Last month, the California Supreme Court handed down its unanimous decision in McGill v. Citibank N.A., holding that an arbitration provision that effectively waives a consumer’s statutory right to seek public injunctive relief in any forum is invalid as against California public policy. The Court further held that, notwithstanding the U.S. Supreme Court’s decision in AT&T Mobility v. Concepcion, the Federal Arbitration Act (FAA) did not preempt California’s public policy or require enforcement of the waiver provision.

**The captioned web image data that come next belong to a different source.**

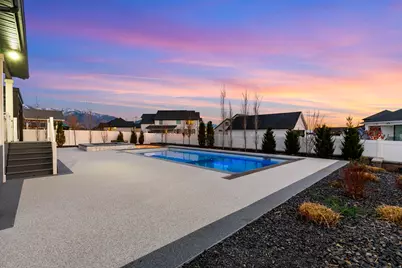 1919 W 850 S, Layton, UT 84041 - Photo 36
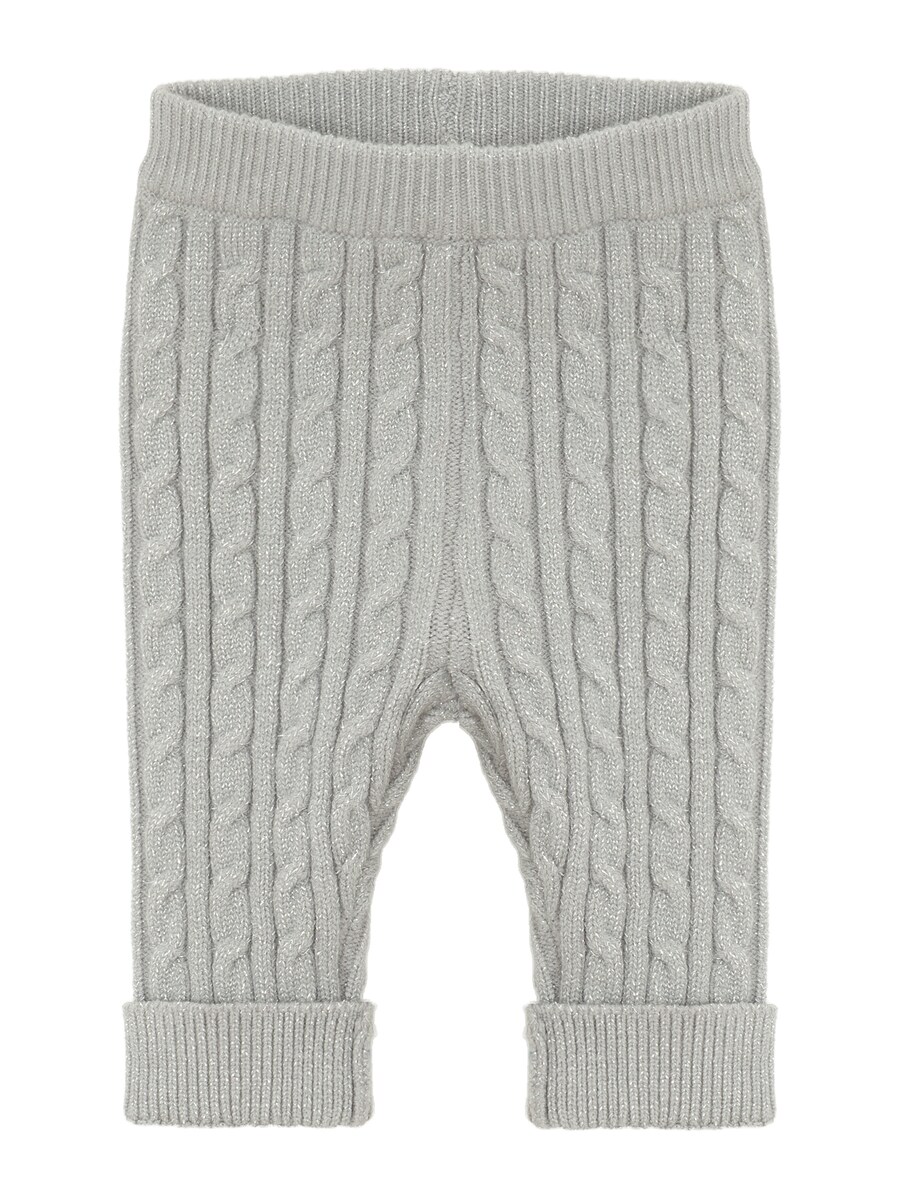 Узкие брюки Cool Club, серый
Узкие брюки Cool Club, серый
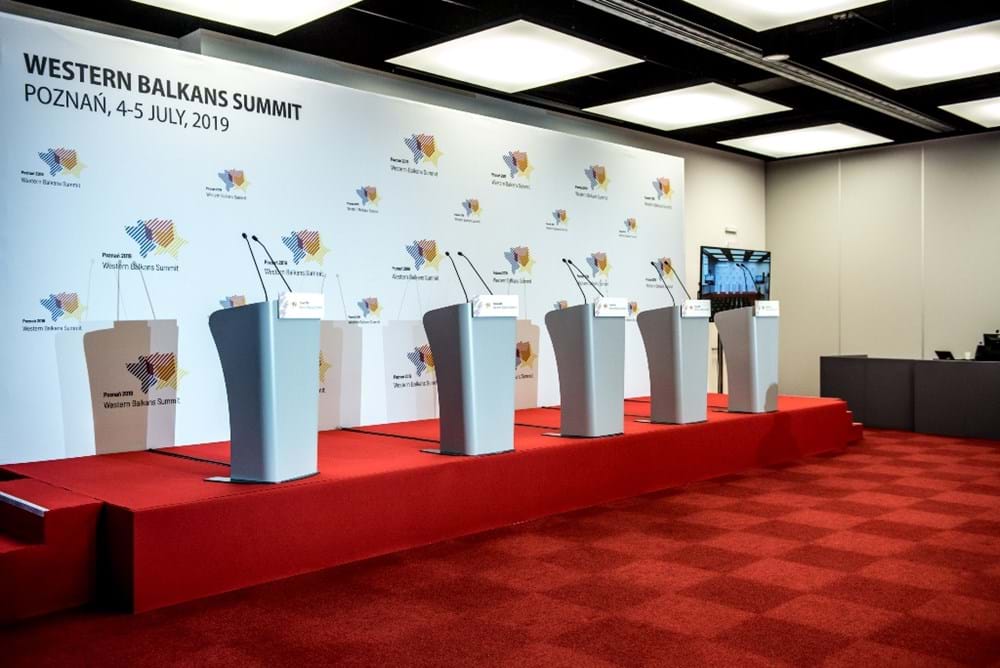 Fot. MTP - grafika artykułu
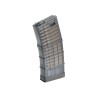 LANCER L5AWM® 5.56 aeg 190bb Mid-Cap Magazine - EMG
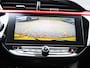 Opel Corsa 1.2 GS Line | Navigatie | Camera | Parkeersensoren voor en achter | Apple en Android | Keyless start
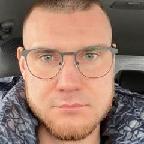 Даниль
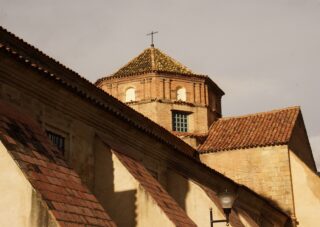 Northern Boyacá - Towns of Yore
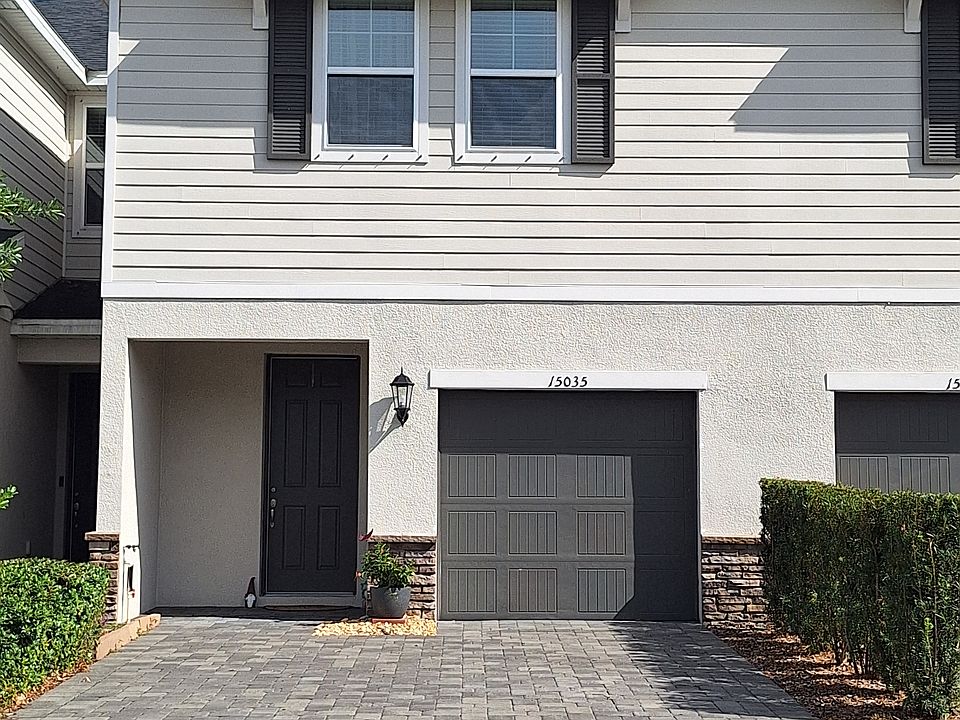 1st image of 15035 Abby Birch Pl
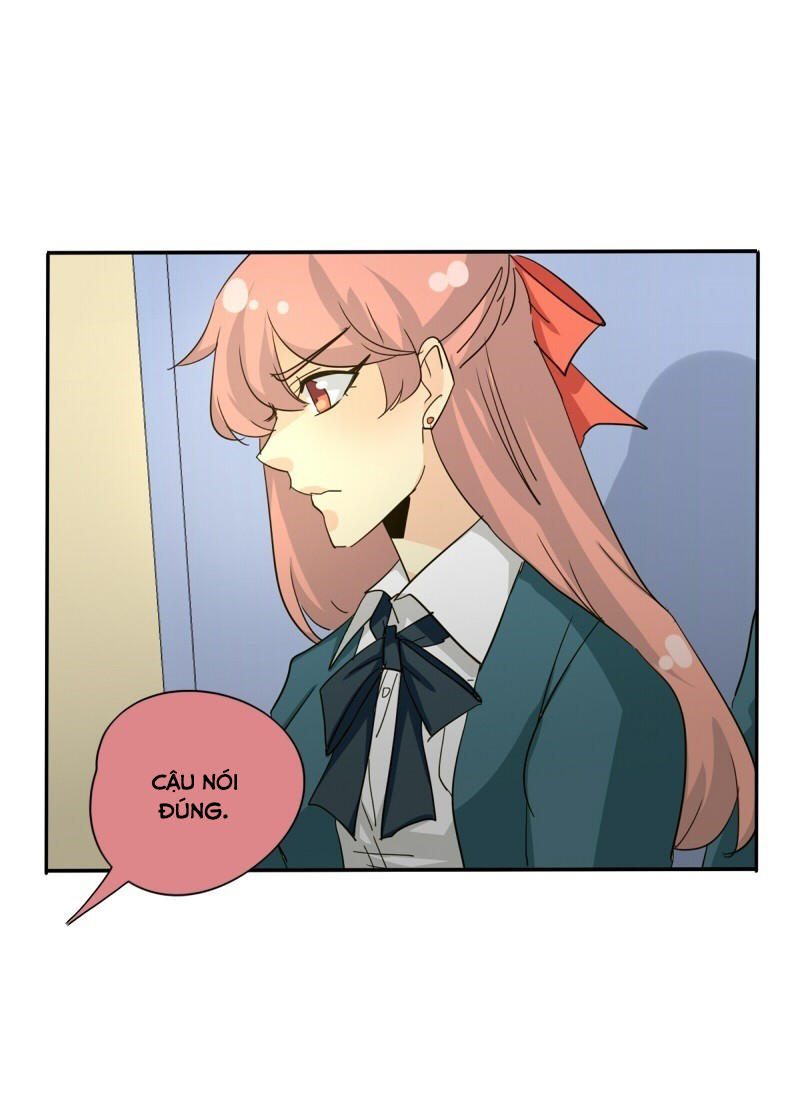 Unordinary Chapter 139 - Trang 43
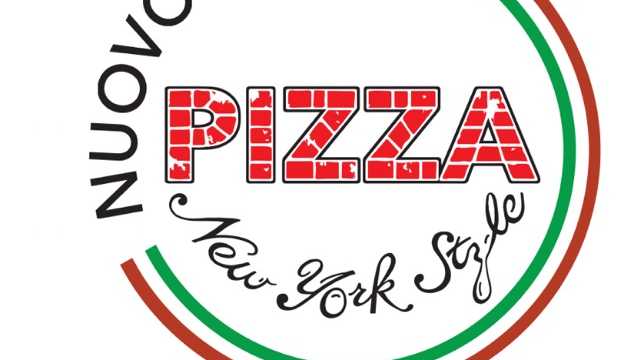 Pizza Maker Wanted – Join Our Team
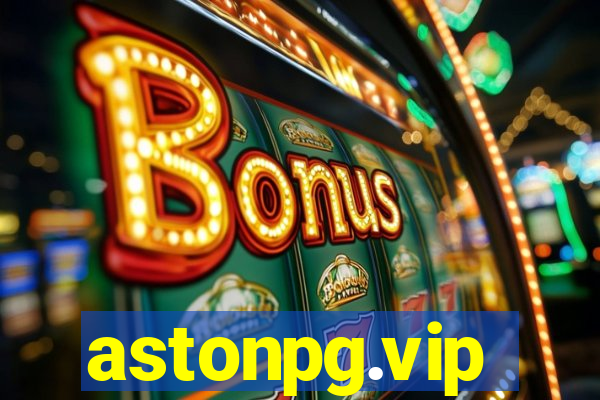 astonpg.vip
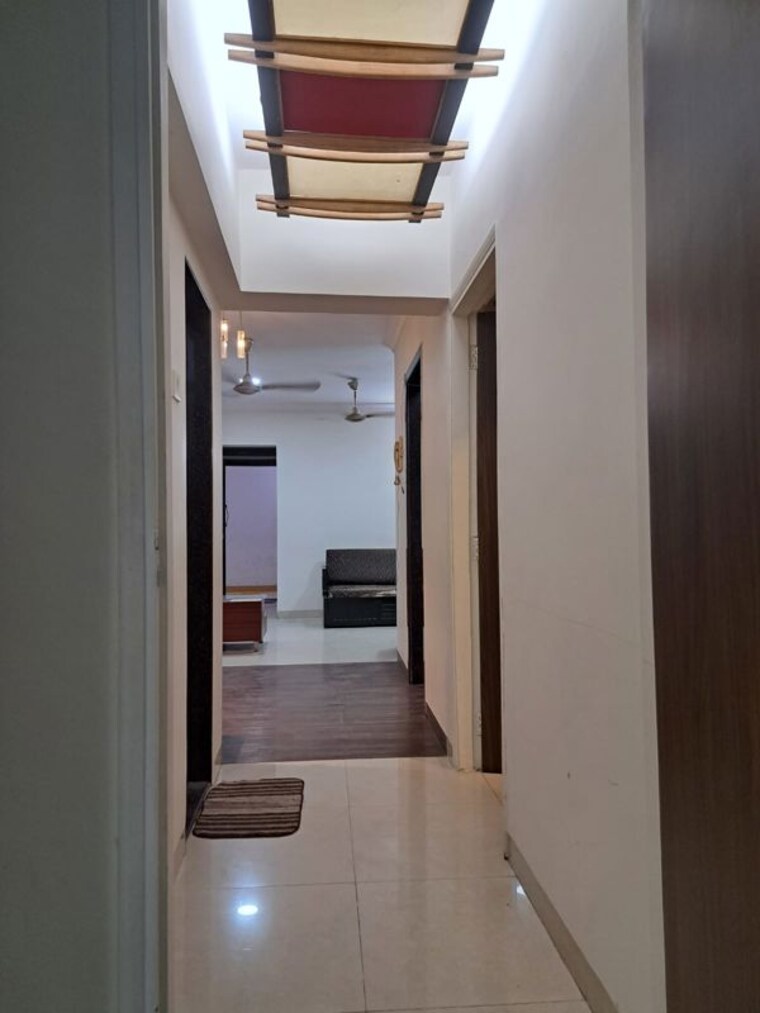 undefined, gundecha-heights 2 Bedroom 975 Sq.Ft. Apartment In Kanjurmarg West Mumbai 10109597
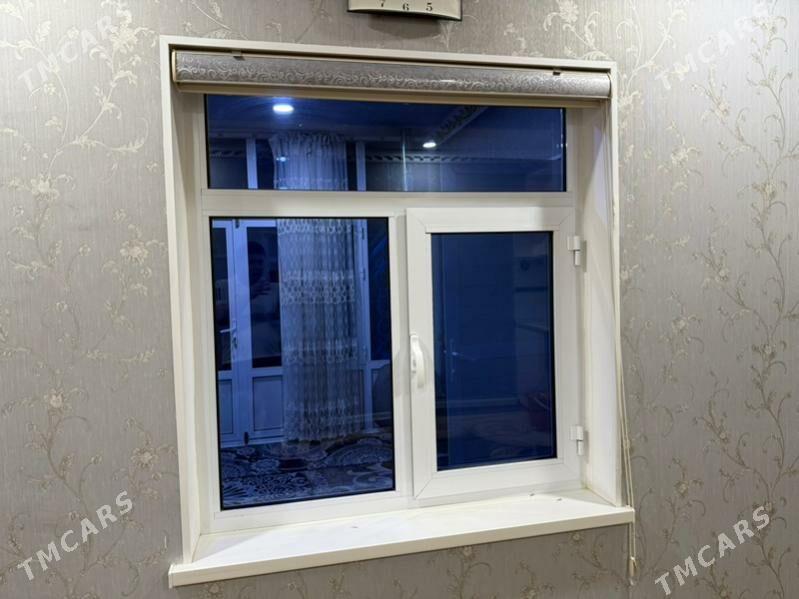 aýna alýumin - Ашхабад - img 2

While McGill invalidated a waiver of the right to seek public injunctive relief, it did so on the narrow ground that the waiver prevented the consumer from adjudicating her statutory right to seek that remedy in any forum, not only in court. The California Supreme Court thereby attempted to reconcile its holding with Concepcion. Further, it did not reach the question of whether the invalid waiver rendered the arbitration agreement as a whole unenforceable under the severability clause. Finally, although the California Supreme Court granted review of the McGill case to consider the viability of the Broughton-Cruz rule (which is based on decisions handed down in 1999 and 2003), it side-stepped the issue. Nonetheless, McGill raises several issues that warrant review of arbitration agreements.

Summary of the Case

McGill brought a putative class action against Citibank based on Citibank’s marketing of a “credit protector” plan she had purchased and the handling of her claim under that plan. McGill sued under California’s unfair competition law (UCL), false advertising law, and the Consumer Legal Remedies Act (CLRA), and sought an injunction prohibiting Citibank from continuing to engage in its allegedly illegal and deceptive practices.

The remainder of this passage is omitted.